#### What to work on
From the line containing "Vintage 1950s Dance" to the line containing "MN license plate 753NBA" in the records below, set down every line exactly as it stands, both ends included, and skip the pictures.

#### Provided data
= = = = =
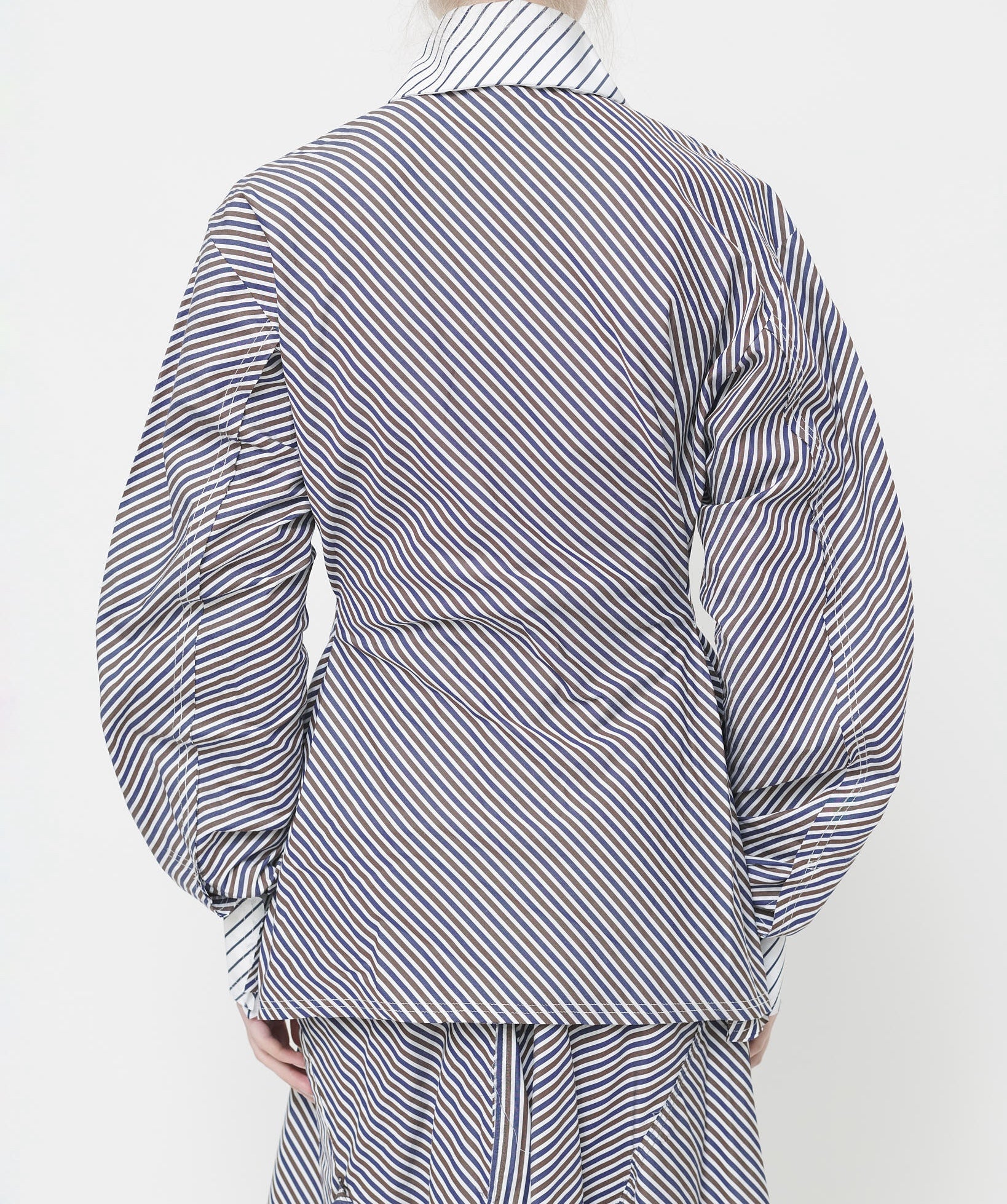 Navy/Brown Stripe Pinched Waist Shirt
= = = = =
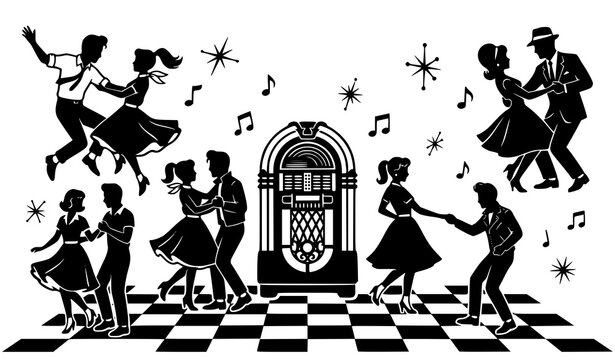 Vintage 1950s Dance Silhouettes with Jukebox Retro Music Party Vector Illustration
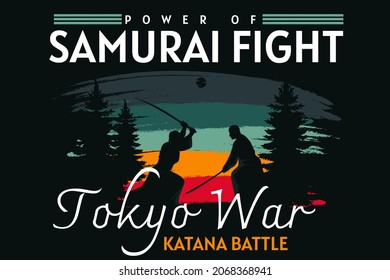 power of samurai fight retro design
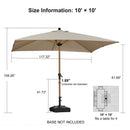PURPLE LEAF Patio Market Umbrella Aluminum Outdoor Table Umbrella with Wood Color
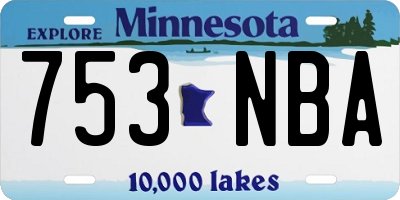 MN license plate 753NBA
= = = = =
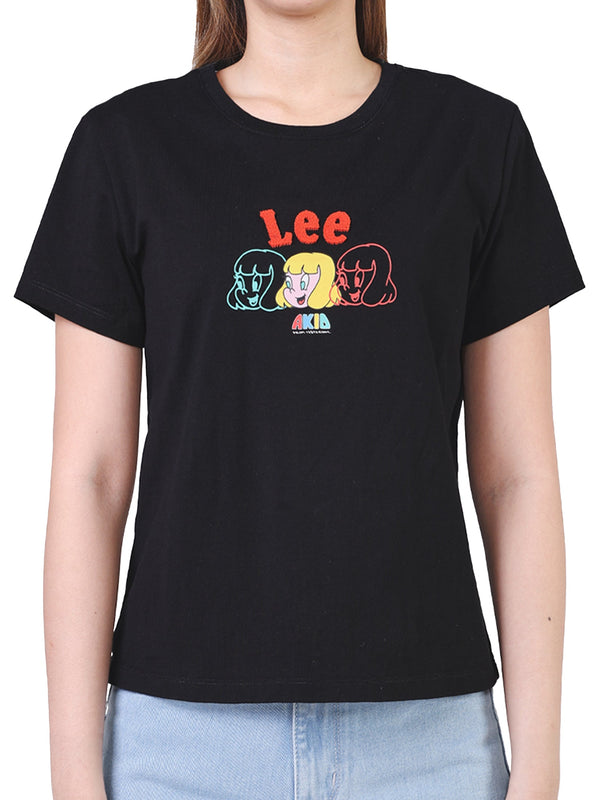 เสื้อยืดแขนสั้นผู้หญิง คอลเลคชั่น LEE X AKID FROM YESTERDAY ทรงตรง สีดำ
= = = = =
#### Result below
 Vintage 1950s Dance Silhouettes with Jukebox Retro Music Party Vector Illustration
 power of samurai fight retro design
PURPLE LEAF Patio Market Umbrella Aluminum Outdoor Table Umbrella with Wood Color
 MN license plate 753NBA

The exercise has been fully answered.